El sábado vi el musical Avenida Q. Una historia de muñecos de peluches manipulados por actores, reminiscencia de Los Muppets o Plaza Sésamo. Eugenio, un joven recién graduado de Filosofía y Letras, renta un apartamento en la Avenida Q porque los recursos que le proporcionan sus padres no alcanzan para los precios y niveles de vida de las avenidas A, B, C, etcétera. Allí, en la Q, un suburbio desde donde se ve en lontananza la gran ciudad, tiene por vecinos a un cómico frustrado y su esposa, japonesa, sicóloga y desempleada; una asistente de maestra de primaria despedida; un portero que fue estrella infantil de tele pero sus padres le robaron lo ganado; un gay de clóset y su roommate, que termina siendo mendigo; un monstruo peludo adicto a la pornografía por internet. Todos, en alegre oppening, reciben a Eugenio con una canción que repite: “Qué pinche ser yo, qué pinche ser yo…”

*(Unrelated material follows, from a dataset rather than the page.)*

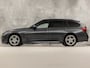 BMW 3-Serie 320i M Sport High Executive 184Pk Automaat (GROOT NAVI, DEALER ONDERHOUDEN, CLIMATE, LEDER, STOELVERWARMING, SPORTSTOELEN, PARKEERSENSOREN, GETINT GLAS, NIEUWSTAAT)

Para los no mexicanos, digamos que pinche, en esta acepción, vendría siendo algo así como desafortunado. Una mirada rápida al auditorio me hizo ver a muchos sonreídos. Sin embargo a mí, que me desagradan los lastimeros, me estaba disgustando esa alegre mediocridad y me preguntaba si podría considerar así, pinche, mi propia vida; si alguna vez, aun en los peores tiempos, la habría pensado como tal. “Relájate, vieja”, me exigí entonces, “vamos a disfrutar esto, que bastante caro es”.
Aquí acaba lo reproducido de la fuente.